Over the past decade, Google has spent millions of dollars measuring nearly every aspect of their employee’s lives, trying to discern the secrets of optimizing productivity and performance. They’ve looked at factors from how often people eat together (the most productive people have bigger networks because they eat with lots of different people) to what traits the best managers share (good communication and no micromanagement). Then a few years ago, Google starting focusing on a new problem – how to build the perfect team.
The prevailing approach at Google had always been that building the best teams is about bringing together the best people and then matching them based on personality. For example, putting introverts with other introverts. But digging a little deeper they realised there were a lot of assumptions underpinning this conventional wisdom that had never been properly studied.
In response, Google launched ‘Project Aristotle’ and set out to study hundreds of teams to figure out why some struggled and some soared. Researchers began by reviewing 50 years of academic studies looking at how teams worked. Are the best teams made up of people with similar interests? Or is it more important that people were motivated by the same kinds of rewards?
The researchers then overlaid the results of those studies against teams within Google. How often do people socialize outside of work? Are they interested in the same things? Do they have a similar education? Is it better to have more extroverts or introverts or a particular mix? Does gender balance have an impact on a team’s success?
The result? They didn’t find anything – and this is Google we’re talking about! There was no evidence to suggest there was any secret for creating top performing teams.
What the researchers did find is that in good teams, team members speak in roughly the same proportion as one another. They called this ‘‘equality in distribution of conversational turn-taking.’’ As long as everyone gets an opportunity to speak, for example in meetings, the team performs well.
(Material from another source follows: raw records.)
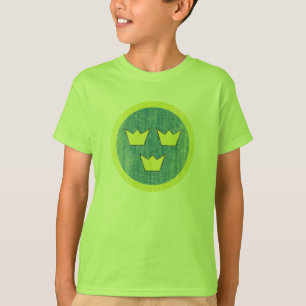 SWEDEN T-Shirt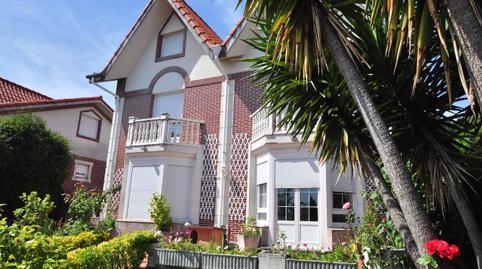 Foto 3 de Casa o xalet en venda a Aureliano Linares Rivas, 17, Centro, Cantabria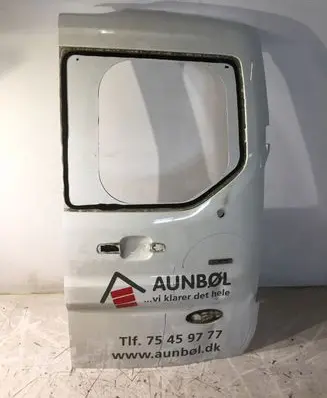 Ford Connect Back/rear loading door DT11V27458CC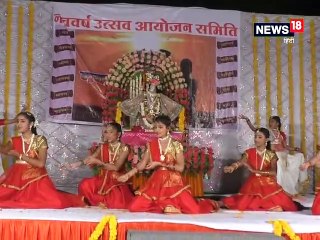 कोटा में नव संवत्सर की रही धूम, दीपदान और महाआरती से स्वागत-big-event-in-kota-on-welcoming-new-samvatsar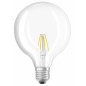 054174 LAMPARA GLOBO FIL LED CLARA 7W 2700K OSRAM 054174 LAMPARA GLOBO FIL LED CLARA 7W 2700K OSRAM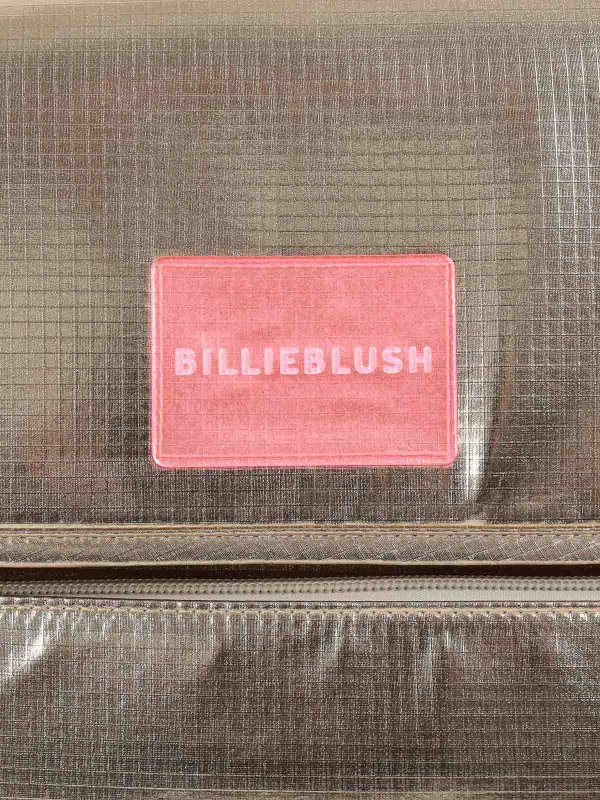 Bolsa Bandolera - Dorado shop online: BILLIEBLUSH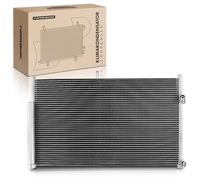 Frankberg AC Condenser Air Conditioning with dryer Replace# 9531064J01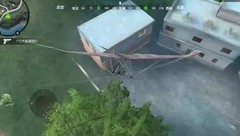 穿越火线-枪战王者：荒岛野外作战技巧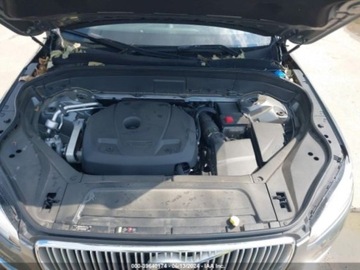 Volvo XC90 II 2019 Volvo XC 90 2019r, T6 Inscription, 4x4, 2.0L 2.0 Benzyna 313KM, zdjęcie 13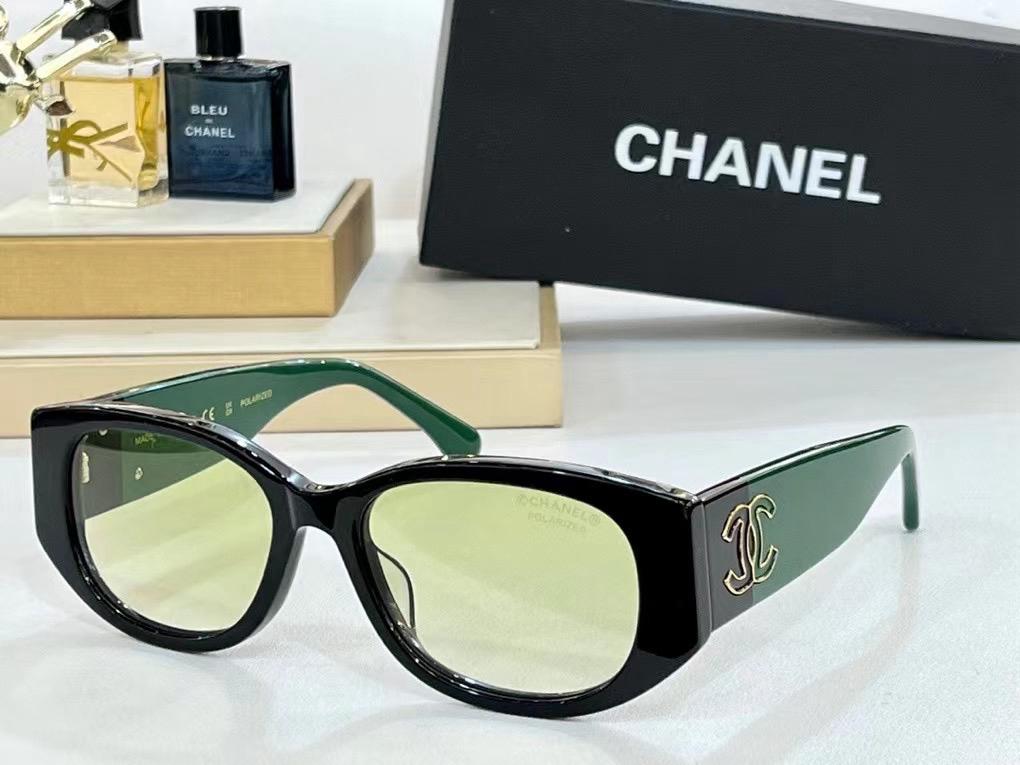 Channel CH5526 Sunglasses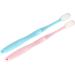 Buy Gatuida 6 Pcs Nano Ultrafine Soft Toothbrush - Ideal Care for Pregnant Women - International Shipping Available - Buy Online on GoSupps.com
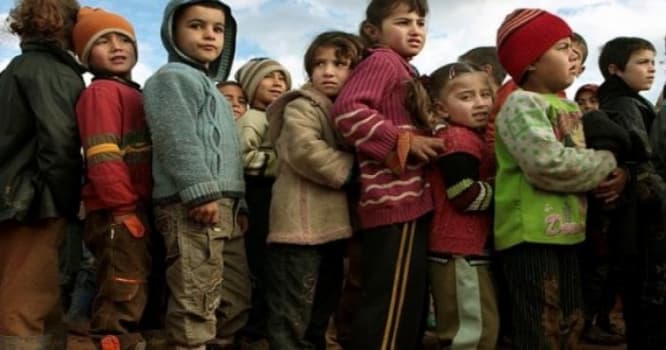 Son 5 ildə 360 qaçqın uşaq itib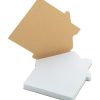 Personalizowany notatnik z kartkami samoprzylepnymi P117855D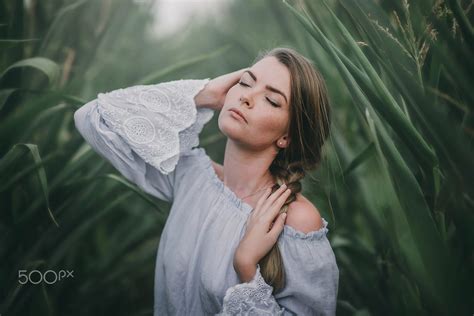 Carlla by Jiri Tulach / 500px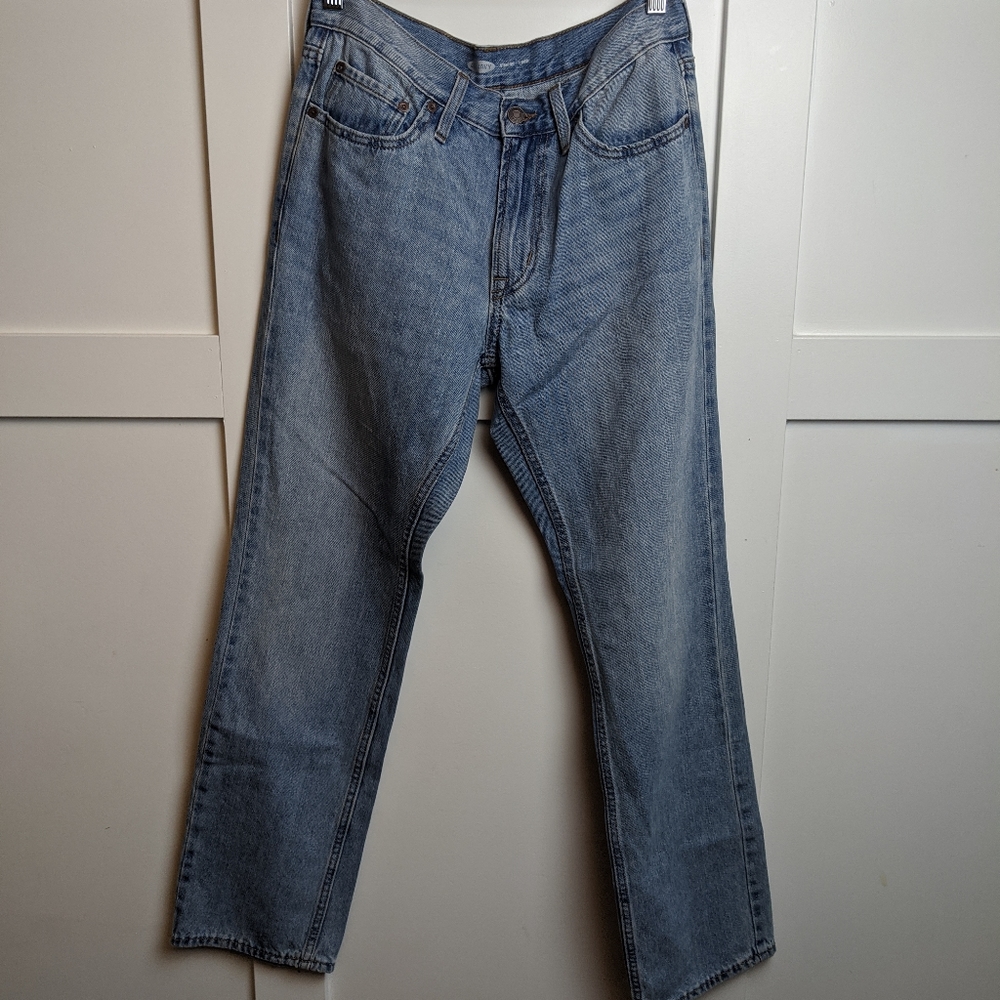 Old Navy jeans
But if only one person or a small group speaks all the time, the collective intelligence declines.
The researchers also found all the good teams had high ‘‘average social sensitivity’’. This means they are good at interpreting how others feel based on their tone of voice, their expressions, and other nonverbal cues.
These two traits, “conversational turn-taking” and ‘‘average social sensitivity”, are broadly referred to in psychology as “psychological safety”.
Harvard Business School professor Amy Edmondson defines psychological safety as:
‘‘a sense of confidence that the team will not embarrass, reject or punish someone for speaking up. It describes a team climate characterized by interpersonal trust and mutual respect in which people are comfortable being themselves.’’
Of course, there were other behaviors that were important as well, like making sure teams had clear goals and creating a culture of dependability. But Google’s data indicated that psychological safety, more than anything else, was critical to making a team work.
This sounds familiar…
In his best-selling book The Five Dysfunctions of a Team, Patrick Lencioni lays out the five most important characteristics of a high performing team. The first and most critical characteristic is vulnerability-based trust.
According to Lencioni, in teams with high levels of trust it’s ok for anyone, including the manager, to say things like “I don’t know”, “I messed up” or “I think we can do better” without feeling judged or criticised.
How do you create Psychological Safety?
Looking at terms like “conversational turn-taking” and ‘‘average social sensitivity” it should be obvious that creating psychological safety all comes down to communication.
First and foremost it’s about listening – giving people the opportunity to have their say (all the time, not just once a year!) and keeping a close eye on when people feel upset (tip: Jobvibe helps you do both of these things).
It’s also about how you speak and act. According to Harvard Business Review, “high-performing teams deliver roughly five times as many positive statements (supportive, appreciative, encouraging) to every one negative statement (critical, disapproving, contradictory)”.
Of course, it makes sense that positive feedback helps build team engagement. But our brains are wired to focus on the negative feedback so, in fact, we have to work even harder at the positive feedback to make sure it cuts through.
This doesn’t mean you shouldn’t criticize or confront your employees. It just means that when you need to do so, it should be framed in a positive context. So, focus on the problem from an objective point of view and discuss the resultant outcomes, rather than spending time on over-analysis, fault or blame.
Finally, it’s about making feedback a normal part of everyday work. Not a once a year project. At Jobvibe we believe it’s important to avoid always defaulting to anonymous feedback in order to help achieve this. Asking for anonymous basically says “it’s not safe to speak your mind”. Asking for open feedback, on the other hand, means everyone knows where they stand and helps embed transparency – which will only further build psychological safety and help your team shine.